Ferrie later said he and his young buddies went goose hunting and ice skating with the intent of possibly buying a rink. Indeed, the trio did visit the Winterland Skating Rink in Houston, but Ferrie spent his time on the telephone, according to rink proprietor Chuck Rolland. At 11pm on Saturday, the three arrived at the Driftwood Motel in Galveston, room 117. Clerk Mary Doveri said a three minute call was placed to an Alexandria, Louisiana number — likely to Bennie Le Hann, or one of his associates, at an Alexandria motel and restaurant also owned by Marcello.
They arrived back in New Orleans on Sunday night. Ferrie voluntarily turned himself in, but was released quickly thereafter. It wasn’t until three years later when Ferrie emerged as a key figure in Jim Garrison’s assassination probe. But Ferrie died only days after that news became public. When Garrison indicted Clay Shaw on charges of conspiracy to kill the president, Ferrie was posthumously named co-conspirator.
All of this is both highly suspicious and yet does not implicate Ferrie or friends in anything nefarious.

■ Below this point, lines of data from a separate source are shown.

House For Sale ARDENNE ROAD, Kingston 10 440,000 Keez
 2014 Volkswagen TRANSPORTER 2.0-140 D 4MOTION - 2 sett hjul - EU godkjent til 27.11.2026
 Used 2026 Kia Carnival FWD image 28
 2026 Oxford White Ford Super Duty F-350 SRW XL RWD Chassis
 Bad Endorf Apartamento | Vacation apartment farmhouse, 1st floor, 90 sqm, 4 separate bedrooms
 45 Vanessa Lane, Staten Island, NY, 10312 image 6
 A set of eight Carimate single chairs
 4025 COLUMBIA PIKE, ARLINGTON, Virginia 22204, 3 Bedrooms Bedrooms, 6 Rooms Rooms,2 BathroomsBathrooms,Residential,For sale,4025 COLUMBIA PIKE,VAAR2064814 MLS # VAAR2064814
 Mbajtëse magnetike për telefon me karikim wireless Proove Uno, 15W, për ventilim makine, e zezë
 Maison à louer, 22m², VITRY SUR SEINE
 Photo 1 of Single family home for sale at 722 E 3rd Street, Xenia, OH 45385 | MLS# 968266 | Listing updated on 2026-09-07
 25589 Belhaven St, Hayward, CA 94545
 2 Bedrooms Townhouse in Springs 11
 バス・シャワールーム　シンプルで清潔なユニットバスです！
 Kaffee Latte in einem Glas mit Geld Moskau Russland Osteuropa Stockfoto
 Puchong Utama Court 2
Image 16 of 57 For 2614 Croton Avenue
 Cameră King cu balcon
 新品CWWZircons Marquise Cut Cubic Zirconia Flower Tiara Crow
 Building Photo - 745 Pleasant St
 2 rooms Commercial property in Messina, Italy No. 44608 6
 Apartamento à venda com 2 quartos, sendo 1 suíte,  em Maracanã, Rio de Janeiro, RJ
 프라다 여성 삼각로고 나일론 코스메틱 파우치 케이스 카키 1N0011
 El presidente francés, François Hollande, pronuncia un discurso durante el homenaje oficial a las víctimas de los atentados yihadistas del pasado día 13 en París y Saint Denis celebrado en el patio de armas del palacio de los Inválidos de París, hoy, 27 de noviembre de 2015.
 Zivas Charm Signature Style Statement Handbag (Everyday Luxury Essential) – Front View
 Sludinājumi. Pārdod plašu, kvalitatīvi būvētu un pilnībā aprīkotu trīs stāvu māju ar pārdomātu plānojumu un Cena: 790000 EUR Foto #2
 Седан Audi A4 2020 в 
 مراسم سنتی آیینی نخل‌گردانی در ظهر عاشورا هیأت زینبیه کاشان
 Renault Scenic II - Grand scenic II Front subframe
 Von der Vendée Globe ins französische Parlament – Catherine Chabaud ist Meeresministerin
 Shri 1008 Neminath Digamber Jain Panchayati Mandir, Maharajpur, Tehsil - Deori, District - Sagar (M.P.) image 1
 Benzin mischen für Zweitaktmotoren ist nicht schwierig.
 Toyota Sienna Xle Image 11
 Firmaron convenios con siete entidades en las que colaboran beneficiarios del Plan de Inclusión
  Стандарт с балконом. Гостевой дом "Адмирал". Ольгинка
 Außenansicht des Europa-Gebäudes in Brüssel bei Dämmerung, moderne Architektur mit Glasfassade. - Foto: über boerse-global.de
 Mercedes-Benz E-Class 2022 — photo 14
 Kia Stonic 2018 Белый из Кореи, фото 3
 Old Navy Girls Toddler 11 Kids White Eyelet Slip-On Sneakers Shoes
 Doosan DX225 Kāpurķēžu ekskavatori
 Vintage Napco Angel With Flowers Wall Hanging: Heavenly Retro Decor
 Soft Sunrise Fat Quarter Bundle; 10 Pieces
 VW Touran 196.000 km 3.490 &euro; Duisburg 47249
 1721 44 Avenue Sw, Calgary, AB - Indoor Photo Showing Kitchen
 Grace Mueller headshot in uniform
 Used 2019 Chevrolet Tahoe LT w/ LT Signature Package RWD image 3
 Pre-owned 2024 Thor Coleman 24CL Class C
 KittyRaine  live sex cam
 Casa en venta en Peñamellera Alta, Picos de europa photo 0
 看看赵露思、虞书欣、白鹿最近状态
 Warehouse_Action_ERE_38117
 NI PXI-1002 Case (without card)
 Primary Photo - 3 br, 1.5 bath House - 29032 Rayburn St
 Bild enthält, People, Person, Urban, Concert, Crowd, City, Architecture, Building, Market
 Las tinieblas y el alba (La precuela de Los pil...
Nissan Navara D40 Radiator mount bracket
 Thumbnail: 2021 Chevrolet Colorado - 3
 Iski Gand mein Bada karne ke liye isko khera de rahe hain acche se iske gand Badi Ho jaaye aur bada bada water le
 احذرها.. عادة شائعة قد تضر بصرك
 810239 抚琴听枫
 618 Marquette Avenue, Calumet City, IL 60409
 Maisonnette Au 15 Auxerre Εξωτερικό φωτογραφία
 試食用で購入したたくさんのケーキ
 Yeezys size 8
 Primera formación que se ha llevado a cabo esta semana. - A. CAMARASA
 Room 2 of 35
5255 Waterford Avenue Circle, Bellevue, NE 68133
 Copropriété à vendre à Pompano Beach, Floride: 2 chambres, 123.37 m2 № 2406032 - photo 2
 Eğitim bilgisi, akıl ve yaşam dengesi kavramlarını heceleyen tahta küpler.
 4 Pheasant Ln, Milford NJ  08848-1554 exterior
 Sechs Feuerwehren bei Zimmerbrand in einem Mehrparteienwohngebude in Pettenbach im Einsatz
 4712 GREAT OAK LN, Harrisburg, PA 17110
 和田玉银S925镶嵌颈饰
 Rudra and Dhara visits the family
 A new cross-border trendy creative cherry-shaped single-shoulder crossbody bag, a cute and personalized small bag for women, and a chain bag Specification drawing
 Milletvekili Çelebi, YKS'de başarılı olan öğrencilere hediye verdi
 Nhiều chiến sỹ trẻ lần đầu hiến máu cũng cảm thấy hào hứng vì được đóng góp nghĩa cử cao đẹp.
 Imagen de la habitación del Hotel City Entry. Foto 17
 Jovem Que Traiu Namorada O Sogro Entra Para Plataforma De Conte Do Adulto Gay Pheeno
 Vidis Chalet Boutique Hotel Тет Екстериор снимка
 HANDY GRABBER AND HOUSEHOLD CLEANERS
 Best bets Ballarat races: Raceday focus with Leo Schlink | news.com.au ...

Besides, he was the kind of guy who might just undertake a journey in a time of national mourning with two men over twenty years his junior — ideal alibis in any case.
There has been much ink spilled about this quixotic trip to Houston and Galveston — Raymond Broshears said Ferrie was to be a getaway pilot for the assassin(s); was he to rendezvous with Jack Ruby associate Brock Wall? make some kind of speculation to funeral director John Liggett? wait by the phone if Ruby didn’t pull off the job? — but nothing conclusive has ever been reached. Maybe it was simply just a mere “guys night out” for ice skating aficionados, dubious as it seems.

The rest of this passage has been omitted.